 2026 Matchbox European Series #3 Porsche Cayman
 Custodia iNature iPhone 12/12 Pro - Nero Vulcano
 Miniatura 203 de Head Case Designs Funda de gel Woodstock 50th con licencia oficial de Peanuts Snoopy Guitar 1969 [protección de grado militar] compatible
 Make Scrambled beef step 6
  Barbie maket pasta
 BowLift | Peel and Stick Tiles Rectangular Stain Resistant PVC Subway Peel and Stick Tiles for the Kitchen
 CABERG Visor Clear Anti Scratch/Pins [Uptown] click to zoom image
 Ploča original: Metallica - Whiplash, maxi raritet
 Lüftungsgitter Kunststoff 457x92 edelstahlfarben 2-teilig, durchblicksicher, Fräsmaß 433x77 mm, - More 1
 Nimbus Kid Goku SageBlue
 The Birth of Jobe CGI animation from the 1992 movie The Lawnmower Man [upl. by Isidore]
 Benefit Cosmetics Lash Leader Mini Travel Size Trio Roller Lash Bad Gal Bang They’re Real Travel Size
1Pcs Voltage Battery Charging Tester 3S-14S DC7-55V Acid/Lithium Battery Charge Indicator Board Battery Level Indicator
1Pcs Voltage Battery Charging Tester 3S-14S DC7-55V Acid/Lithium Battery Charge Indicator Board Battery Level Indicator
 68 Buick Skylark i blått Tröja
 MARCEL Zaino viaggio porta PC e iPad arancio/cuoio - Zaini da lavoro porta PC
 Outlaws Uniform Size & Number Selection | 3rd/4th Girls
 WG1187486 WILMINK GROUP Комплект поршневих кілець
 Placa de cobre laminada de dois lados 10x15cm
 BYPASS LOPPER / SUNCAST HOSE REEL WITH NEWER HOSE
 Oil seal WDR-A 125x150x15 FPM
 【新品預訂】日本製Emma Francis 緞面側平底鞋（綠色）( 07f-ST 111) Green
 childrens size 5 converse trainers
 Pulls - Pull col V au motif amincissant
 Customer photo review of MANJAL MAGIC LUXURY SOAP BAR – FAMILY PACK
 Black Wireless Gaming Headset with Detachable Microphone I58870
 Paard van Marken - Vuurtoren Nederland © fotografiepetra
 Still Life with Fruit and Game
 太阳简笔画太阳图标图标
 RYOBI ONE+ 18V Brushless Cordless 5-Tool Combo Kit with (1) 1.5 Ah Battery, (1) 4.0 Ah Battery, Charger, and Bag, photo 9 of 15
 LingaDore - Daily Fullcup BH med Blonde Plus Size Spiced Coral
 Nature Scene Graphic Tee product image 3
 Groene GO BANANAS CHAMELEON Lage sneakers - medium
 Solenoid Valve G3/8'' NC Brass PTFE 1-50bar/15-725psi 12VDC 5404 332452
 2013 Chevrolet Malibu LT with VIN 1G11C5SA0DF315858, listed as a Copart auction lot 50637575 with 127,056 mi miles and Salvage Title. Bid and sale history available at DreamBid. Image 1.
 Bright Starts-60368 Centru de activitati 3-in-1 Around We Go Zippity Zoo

* [WHAT YOU HAVE TO DO] Copy out every record again, letter for letter.

* [ANSWER AREA]
 2026 Matchbox European Series #3 Porsche Cayman
 Custodia iNature iPhone 12/12 Pro - Nero Vulcano
 Miniatura 203 de Head Case Designs Funda de gel Woodstock 50th con licencia oficial de Peanuts Snoopy Guitar 1969 [protección de grado militar] compatible
 Make Scrambled beef step 6
  Barbie maket pasta
 BowLift | Peel and Stick Tiles Rectangular Stain Resistant PVC Subway Peel and Stick Tiles for the Kitchen
 CABERG Visor Clear Anti Scratch/Pins [Uptown] click to zoom image
 Ploča original: Metallica - Whiplash, maxi raritet
 Lüftungsgitter Kunststoff 457x92 edelstahlfarben 2-teilig, durchblicksicher, Fräsmaß 433x77 mm, - More 1
 Nimbus Kid Goku SageBlue
 The Birth of Jobe CGI animation from the 1992 movie The Lawnmower Man [upl. by Isidore]
 Benefit Cosmetics Lash Leader Mini Travel Size Trio Roller Lash Bad Gal Bang They’re Real Travel Size
1Pcs Voltage Battery Charging Tester 3S-14S DC7-55V Acid/Lithium Battery Charge Indicator Board Battery Level Indicator
1Pcs Voltage Battery Charging Tester 3S-14S DC7-55V Acid/Lithium Battery Charge Indicator Board Battery Level Indicator
 68 Buick Skylark i blått Tröja
 MARCEL Zaino viaggio porta PC e iPad arancio/cuoio - Zaini da lavoro porta PC
 Outlaws Uniform Size & Number Selection | 3rd/4th Girls
 WG1187486 WILMINK GROUP Комплект поршневих кілець
 Placa de cobre laminada de dois lados 10x15cm
 BYPASS LOPPER / SUNCAST HOSE REEL WITH NEWER HOSE
 Oil seal WDR-A 125x150x15 FPM
 【新品預訂】日本製Emma Francis 緞面側平底鞋（綠色）( 07f-ST 111) Green
 childrens size 5 converse trainers
 Pulls - Pull col V au motif amincissant
 Customer photo review of MANJAL MAGIC LUXURY SOAP BAR – FAMILY PACK
 Black Wireless Gaming Headset with Detachable Microphone I58870
 Paard van Marken - Vuurtoren Nederland © fotografiepetra
 Still Life with Fruit and Game
 太阳简笔画太阳图标图标
 RYOBI ONE+ 18V Brushless Cordless 5-Tool Combo Kit with (1) 1.5 Ah Battery, (1) 4.0 Ah Battery, Charger, and Bag, photo 9 of 15
 LingaDore - Daily Fullcup BH med Blonde Plus Size Spiced Coral
 Nature Scene Graphic Tee product image 3
 Groene GO BANANAS CHAMELEON Lage sneakers - medium
 Solenoid Valve G3/8'' NC Brass PTFE 1-50bar/15-725psi 12VDC 5404 332452
 2013 Chevrolet Malibu LT with VIN 1G11C5SA0DF315858, listed as a Copart auction lot 50637575 with 127,056 mi miles and Salvage Title. Bid and sale history available at DreamBid. Image 1.
 Bright Starts-60368 Centru de activitati 3-in-1 Around We Go Zippity Zoo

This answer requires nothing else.